Le pays a enregistré plus de 210.000 demandes d’asile entre janvier et juillet. C’est déjà plus que pour toute l’année 2014 et quatre fois plus qu’en 2011. Plus de 20 % des demandes concernent des citoyens syriens, 10 % des Irakiens ou des Afghans.

La proportion de Syriens était encore plus importante en juillet, mois pendant lequel plus de 80.000 réfugiés sont arrivés en Allemagne, sans qu’ils aient encore tous pu déposer une demande d’asile.

Rien que pour l’année 2015, le gouvernement allemand s’attend à recevoir 800.000, voire un million, de demandes d’asile, quatre fois plus que l’an dernier.

Partout dans le pays, des hébergements sont ouverts en urgence pour accueillir les nouveaux arrivants. Pour répondre aux besoins en structures d’accueil, le gouvernement allemand a décidé début septembre de dégager six milliards d’euros supplémentaires dans son budget 2016 pour la prise en charge des demandeurs d’asile.

L’élan de solidarité dont font preuve les Allemands contraste avec la vague d’agressions racistes contre des foyers de demandeurs d’asile qui a ébranlé l’Allemagne au cours des derniers mois. Le 15 juillet, un futur centre d’hébergement en cours d’aménagement était incendié en Bavière.

Quelques jours plus tard, la même chose arrivait en Bade-Wurtemberg, dans le sud-ouest du pays. Fin juin, c’était à Lübeck, dans le nord, puis en Saxe.
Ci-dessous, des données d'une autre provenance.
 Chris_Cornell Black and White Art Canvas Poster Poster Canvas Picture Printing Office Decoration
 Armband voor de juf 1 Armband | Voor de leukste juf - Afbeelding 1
En Saxe toujours, à Heidenau, des émeutes d’extrême droite ont éclaté mi-août, là aussi en réaction à l’aménagement d’un foyer d’hébergement pour réfugiés.

Les organisations antiracistes Amadeu-Antonio-Stiftung et Pro-Asyl ont recensé 98 attaques contre des centres d’hébergement de réfugiés depuis début 2015, dont 11 incendies. L’année dernière, il y avait déjà eu près de 250 attaques violentes commises contre les lieux d’hébergement de demandeurs d’asile, dont 36 incendies et 81 agressions contre des personnes.

« Les cas de violences enregistrés contre les hébergements de réfugiés ont fortement augmenté cette année », signale Anetta Kahane, fondatrice et présidente de la fondation Amadeu-Antonio-Stiftung.

« Les manifestations anti-islam de Pegida de l’automne dernier ont fait tomber les inhibitions », déplore l’activiste. Le pays avait déjà connu une vague de violence raciste au début des années 1990, principalement en ex-Allemagne de l’Est. « Mais en comparaison à la situation à l’époque, la réaction de solidarité de la population envers les réfugiés est aujourd’hui vraiment exceptionnelle. »

Ce mouvement de solidarité des citoyens sera-t-il suivie par la politique ? Après avoir laissé entrer des dizaines de milliers de réfugiés coincés en Hongrie début septembre, le gouvernement allemand a décidé à son tour de réintroduire les contrôles aux frontières pour maitriser le flux des candidats à l’asile. Malgré cela, ceux qui arrivent restent toutefois accueillis dans des centres d’hébergements à travers le pays.

Cet article a été traduit de l'anglais.